Palabras claves: Poesía Chilena, promoción pos87, Jesús Sepúlveda, utopía

 

Atento al sonido del universo
dando cuenta de las visiones / de la tierra
Lawrence Ferlinghetti

 

Introducción
La vida moderna, en tanto sistema fundamentalmente racionalista, mercantil y tecnológico, ha intensificado modos de existir alienantes; una forma de vida en donde el ser humano, junto con deteriorar su vínculo social, va perdiendo su capacidad de experimentarse como factor activo en la captación del mundo. Erich Fromm, en su lectura de Marx, advierte que, en la sociedad capitalista, la naturaleza, los demás y el propio ser se convierten en algo ajeno, lejano y hasta contrario al sí mismo, afectando gravemente las posibilidades de la vida humana. El sentimiento de vacío, tedio, soledad y desarraigo son algunas de los síntomas de esta situación deshumanizante. Sin embargo, en este vivir enajenado, suele latir, también –a modo de resistencia o necesidad vital– un deseo de trascendencia y unidad: nuestra utopía de lo Uno Todo.

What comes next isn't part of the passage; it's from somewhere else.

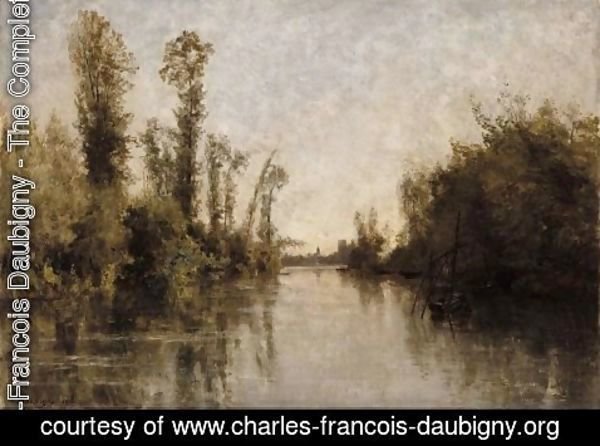 Charles-Francois Daubigny - The banks of Seine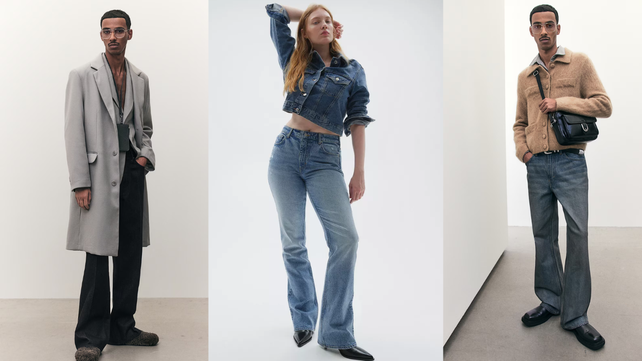 Modelo jean bootcut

Lo Uno Todo, entendido como utopía de la unificación del yo con la totalidad, constituye uno de los principales impulsos humanos. La preponderancia del mito de la “Edad de Oro”, del “Paraíso Perdido” o del “Buen Salvaje”, en tanto idea de una “época feliz” dada por la plena comunión del ser humano con el mundo, parece cruzar gran parte de las culturas que, de una u otra manera, han entrado en “contacto” hasta hoy. La vida premoderna, los antepasados indígenas y la propia infancia, en alguna medida ayudan a corroborar esta idea, y cobran fuerza en la memoria, a la hora de dar sentido a este anhelo que funciona como representación crítica (reconstrucción de la realidad existente: de la negación, exclusión y dominio) y como guía para una situación futura (deseo de reconciliación y reunificación con la totalidad). Durante la época moderna, esta visión “edénica” ha significado una forma de reclamo contra la desolación, la violencia y la alienación del mundo; por lo que su elaboración obedece a una necesidad de ruptura: visualizar una alternativa a la realidad vigente, una opción capaz de alterar el orden dominante, en el sentido de recuperar o volver a apropiarse de la existencia “una” y “total”.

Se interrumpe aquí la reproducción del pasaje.